2 x 200g tins of tuna in olive oil, drained, flaked and oil reserved
2 garlic cloves, crushed
4 tinned or bottled anchovy fillets, finely chopped
2 large shallots, finely chopped
1 fresh red chilli, deseeded and finely chopped
2 tbsp drained baby capers
12 cherry tomatoes, halved
225g baby spinach leaves, coarsely shredded
salt and freshly ground black pepper
finely grated zest and juice of 1 small lemon
2 tbsp finely grated Parmesan cheese
Bring a large pan of salted water to the boil, add the linguine and cook according to the packet instructions, then drain.
Meanwhile, measure 2 tablespoons of oil reserved from the tuna tins into a large frying or sauté pan. Add the garlic, anchovies, shallots and chilli and fry over a high heat for 5-6 minutes until the shallots have softened.

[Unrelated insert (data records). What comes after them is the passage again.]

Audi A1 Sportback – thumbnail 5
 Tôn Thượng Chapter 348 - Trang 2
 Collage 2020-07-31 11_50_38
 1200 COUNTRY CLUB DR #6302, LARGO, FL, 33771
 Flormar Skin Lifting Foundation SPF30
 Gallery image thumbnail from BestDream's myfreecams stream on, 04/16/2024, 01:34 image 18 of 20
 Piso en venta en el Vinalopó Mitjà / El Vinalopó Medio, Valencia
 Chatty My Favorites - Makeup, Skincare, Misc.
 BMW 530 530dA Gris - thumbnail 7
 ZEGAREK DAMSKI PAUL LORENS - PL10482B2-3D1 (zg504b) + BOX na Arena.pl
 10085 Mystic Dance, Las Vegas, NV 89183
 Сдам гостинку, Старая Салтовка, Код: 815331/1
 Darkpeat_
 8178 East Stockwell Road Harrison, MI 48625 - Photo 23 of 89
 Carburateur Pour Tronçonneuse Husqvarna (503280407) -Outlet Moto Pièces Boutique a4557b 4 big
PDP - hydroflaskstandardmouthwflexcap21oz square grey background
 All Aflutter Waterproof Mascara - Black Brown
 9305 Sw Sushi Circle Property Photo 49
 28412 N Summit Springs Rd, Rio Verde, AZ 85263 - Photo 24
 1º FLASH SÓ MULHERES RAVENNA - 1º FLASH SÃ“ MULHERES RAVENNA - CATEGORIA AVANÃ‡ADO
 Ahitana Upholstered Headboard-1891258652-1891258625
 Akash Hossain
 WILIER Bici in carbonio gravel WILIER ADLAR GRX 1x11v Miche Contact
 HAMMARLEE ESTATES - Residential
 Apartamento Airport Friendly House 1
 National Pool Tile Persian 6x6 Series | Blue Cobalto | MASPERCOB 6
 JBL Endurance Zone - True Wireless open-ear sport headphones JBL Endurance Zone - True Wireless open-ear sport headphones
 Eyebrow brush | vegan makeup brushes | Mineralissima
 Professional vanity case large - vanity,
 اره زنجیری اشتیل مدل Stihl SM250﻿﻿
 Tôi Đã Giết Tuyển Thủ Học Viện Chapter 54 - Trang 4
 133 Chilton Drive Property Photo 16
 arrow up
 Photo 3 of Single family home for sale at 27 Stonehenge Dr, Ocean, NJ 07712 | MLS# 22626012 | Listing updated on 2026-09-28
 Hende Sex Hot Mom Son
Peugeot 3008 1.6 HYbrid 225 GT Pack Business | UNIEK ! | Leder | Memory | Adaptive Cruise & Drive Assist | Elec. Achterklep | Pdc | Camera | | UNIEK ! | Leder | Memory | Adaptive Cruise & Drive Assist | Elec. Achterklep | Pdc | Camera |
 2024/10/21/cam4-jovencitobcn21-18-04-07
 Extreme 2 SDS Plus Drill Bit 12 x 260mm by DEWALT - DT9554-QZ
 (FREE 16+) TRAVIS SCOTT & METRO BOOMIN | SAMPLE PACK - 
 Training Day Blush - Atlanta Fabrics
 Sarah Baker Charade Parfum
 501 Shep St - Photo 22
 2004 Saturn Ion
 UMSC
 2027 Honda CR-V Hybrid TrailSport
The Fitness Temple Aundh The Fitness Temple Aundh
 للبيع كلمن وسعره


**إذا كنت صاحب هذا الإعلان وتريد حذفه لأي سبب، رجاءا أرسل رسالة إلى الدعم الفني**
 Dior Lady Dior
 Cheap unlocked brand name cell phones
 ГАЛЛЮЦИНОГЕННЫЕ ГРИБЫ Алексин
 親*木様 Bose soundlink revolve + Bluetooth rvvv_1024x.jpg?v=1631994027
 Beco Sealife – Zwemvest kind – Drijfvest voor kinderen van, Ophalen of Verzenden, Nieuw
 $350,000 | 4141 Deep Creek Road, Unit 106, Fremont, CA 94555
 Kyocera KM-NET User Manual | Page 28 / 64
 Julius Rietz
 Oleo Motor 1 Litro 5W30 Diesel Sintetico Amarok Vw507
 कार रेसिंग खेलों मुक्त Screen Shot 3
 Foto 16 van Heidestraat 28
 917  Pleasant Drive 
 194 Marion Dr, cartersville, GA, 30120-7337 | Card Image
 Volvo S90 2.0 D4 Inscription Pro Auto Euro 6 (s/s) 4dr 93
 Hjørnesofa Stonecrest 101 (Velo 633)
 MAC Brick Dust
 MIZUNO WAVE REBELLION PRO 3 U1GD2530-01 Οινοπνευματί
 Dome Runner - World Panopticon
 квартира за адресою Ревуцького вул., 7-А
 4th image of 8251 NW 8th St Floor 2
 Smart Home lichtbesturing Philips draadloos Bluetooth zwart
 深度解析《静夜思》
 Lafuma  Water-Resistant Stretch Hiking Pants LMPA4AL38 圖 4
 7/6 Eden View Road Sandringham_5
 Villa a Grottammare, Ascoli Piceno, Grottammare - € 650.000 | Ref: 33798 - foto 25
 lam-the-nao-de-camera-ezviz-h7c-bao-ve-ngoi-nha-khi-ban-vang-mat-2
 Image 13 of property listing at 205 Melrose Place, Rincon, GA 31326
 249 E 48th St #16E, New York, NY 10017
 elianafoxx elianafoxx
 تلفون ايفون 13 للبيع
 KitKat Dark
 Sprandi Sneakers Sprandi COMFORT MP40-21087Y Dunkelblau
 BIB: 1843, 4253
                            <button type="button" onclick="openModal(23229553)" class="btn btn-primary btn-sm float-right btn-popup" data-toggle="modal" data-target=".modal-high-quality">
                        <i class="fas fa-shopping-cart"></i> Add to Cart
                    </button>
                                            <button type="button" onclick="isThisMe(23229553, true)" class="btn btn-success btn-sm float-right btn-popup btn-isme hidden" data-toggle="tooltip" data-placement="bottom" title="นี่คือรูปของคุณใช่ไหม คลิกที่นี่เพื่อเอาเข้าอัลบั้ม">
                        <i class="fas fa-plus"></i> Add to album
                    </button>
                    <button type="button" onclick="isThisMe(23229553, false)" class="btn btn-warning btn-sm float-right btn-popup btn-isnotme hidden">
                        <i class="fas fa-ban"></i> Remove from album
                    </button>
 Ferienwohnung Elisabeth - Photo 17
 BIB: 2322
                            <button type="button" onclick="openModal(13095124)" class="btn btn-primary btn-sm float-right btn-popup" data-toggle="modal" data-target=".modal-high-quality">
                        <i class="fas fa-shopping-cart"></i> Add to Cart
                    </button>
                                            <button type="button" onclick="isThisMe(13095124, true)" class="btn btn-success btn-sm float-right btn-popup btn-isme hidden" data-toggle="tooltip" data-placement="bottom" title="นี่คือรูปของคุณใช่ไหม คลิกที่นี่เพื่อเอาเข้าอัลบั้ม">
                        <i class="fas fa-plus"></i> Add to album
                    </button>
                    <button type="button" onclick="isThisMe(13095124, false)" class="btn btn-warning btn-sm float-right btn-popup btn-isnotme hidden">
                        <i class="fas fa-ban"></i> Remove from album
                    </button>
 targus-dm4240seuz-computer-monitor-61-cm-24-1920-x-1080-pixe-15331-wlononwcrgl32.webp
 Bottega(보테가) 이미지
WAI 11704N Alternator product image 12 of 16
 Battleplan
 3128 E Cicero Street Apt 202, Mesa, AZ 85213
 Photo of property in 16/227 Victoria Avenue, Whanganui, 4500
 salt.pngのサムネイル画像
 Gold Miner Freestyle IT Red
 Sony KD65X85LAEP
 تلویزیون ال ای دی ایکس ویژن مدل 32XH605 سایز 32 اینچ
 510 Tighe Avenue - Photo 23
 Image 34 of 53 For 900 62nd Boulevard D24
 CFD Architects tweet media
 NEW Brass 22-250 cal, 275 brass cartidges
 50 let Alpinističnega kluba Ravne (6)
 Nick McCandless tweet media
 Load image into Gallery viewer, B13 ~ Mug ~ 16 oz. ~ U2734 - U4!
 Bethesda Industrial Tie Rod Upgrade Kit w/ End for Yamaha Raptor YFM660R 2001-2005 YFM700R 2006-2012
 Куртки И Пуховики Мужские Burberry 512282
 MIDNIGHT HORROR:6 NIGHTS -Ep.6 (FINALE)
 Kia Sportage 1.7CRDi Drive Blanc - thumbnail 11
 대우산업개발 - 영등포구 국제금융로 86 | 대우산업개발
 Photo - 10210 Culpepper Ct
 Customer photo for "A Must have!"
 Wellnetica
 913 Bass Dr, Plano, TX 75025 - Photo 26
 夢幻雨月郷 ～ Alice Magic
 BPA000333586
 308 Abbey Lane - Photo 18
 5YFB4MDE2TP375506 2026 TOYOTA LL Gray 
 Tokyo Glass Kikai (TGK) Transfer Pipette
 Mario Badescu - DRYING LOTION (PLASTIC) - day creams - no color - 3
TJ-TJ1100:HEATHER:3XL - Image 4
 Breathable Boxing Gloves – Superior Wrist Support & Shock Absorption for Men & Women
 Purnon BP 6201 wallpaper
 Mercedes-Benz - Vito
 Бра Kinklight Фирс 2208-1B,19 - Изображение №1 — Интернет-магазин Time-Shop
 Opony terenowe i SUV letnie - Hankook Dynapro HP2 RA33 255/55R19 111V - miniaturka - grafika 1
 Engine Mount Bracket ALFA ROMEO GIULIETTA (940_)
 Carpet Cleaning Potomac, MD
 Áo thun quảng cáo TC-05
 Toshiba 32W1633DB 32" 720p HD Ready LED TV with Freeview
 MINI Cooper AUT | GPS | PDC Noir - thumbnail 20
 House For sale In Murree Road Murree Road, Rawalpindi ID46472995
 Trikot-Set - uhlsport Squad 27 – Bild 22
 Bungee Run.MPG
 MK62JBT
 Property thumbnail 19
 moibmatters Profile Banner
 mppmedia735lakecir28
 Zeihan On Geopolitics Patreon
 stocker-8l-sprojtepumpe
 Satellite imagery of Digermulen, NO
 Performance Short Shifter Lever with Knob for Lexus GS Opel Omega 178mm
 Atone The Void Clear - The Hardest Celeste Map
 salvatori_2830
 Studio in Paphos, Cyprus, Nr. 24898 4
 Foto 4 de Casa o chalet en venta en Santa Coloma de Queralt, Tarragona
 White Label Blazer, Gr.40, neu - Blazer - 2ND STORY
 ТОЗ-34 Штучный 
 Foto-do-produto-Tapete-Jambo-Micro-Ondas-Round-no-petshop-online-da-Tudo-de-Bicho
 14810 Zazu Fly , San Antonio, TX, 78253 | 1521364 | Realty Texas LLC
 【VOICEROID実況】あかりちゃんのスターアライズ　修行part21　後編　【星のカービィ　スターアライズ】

Add the capers, cherry tomatoes and spinach leaves and toss until the spinach is just wilting.
Tip the drained linguine and the flaked tuna into the pan. Season with a little salt and pepper and carefully toss together until combined, adding more oil if the mixture seems too dry.
Tip into a serving bowl and sprinkle with the lemon zest and juice and grated Parmesan to serve.